Into the midnight sun season, the newest practice of mine is to take note of the mild everyday episodes that occur through physical contact:
A dog bit my thigh and a little mauve bruise appeared the next day. The last time I laid on someone’s stomach, they burped silently, and I was astonished when their breath began to smell like potato onions. Touching nettles gives me hives, but there is an open tab on my internet browser with a recipe for a dense and dark stinging nettle soup.
A friend texted me a link for a poem by Ocean Vuong today, where I read that only music rhymes with music1. We are planning to meet at a festival in November. Now it’s June and the sunlight enters the room at 04:00 AM each day, while I am dreaming of completing phases and making sense. My downstairs neighbor told me that they keep twenty birds in their apartment. I couldn’t hear them before I had the information.
This playlist is a mixture of film and tv soundtracks or references, but mostly an array of memories from the past sixteen months. It is a connect-the-dots exercise, or technique to practice bodily self-awareness after a prolonged period of collective disembodiment and distance. It grew as a mesh of repetitions, notations, and remembering. It grew as a soundtrack, not as a score; it contains contrasting rhythms and moods.
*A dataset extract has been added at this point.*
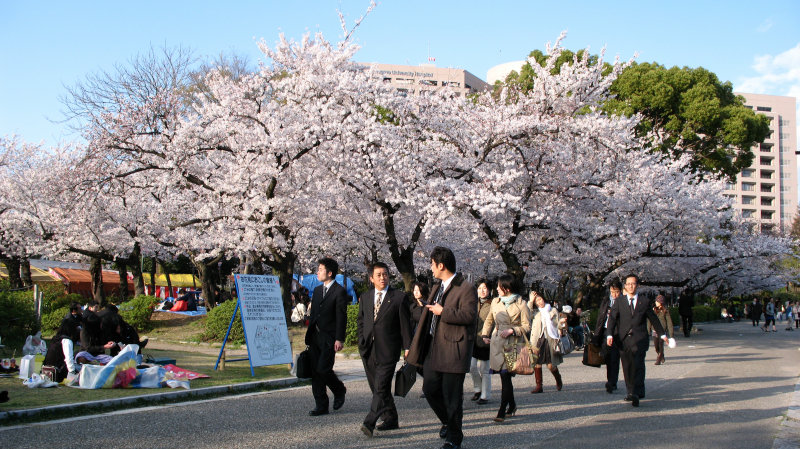 Salarymen strolling past hanami parties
A very substantial reason why I chose the line of work I do today, was to connect. To connect with the numerous makers and collectives whose positionality and work through film are a practice of social organization, a feminist open-ended transmission of knowledge, a collective form of thought and action. The temporary slowing down of content production last year was a decisive moment for recomposing the structure and context of filmmaking as work and as a form of communication. It’s already happening.
Staying connected at the time of remote work or participation remains dubious. Have I been everywhere in 2020 or was I nowhere? Entering spaces virtually allowed connections and collaborations that would otherwise be inaccessible due to geographical distances or substantial costs is a solid argument. Yet feelings of disembodiment, self-detachment, and many cases of alienation in local communities and breaks in support structures and absolute precarisation have influenced most of us. Where do we focus our communications and how do we expand and sustain our alliances from now on?
To connect-the-dots once more, sharing a collection of songs – or a single song really – is very much similar to sharing emotions, skills, knowledges, time, food, or a room. Like being on a film set, a screening room, or a conversation together. Like sending the spontaneous text message to a stranger telling them how much you enjoyed their film.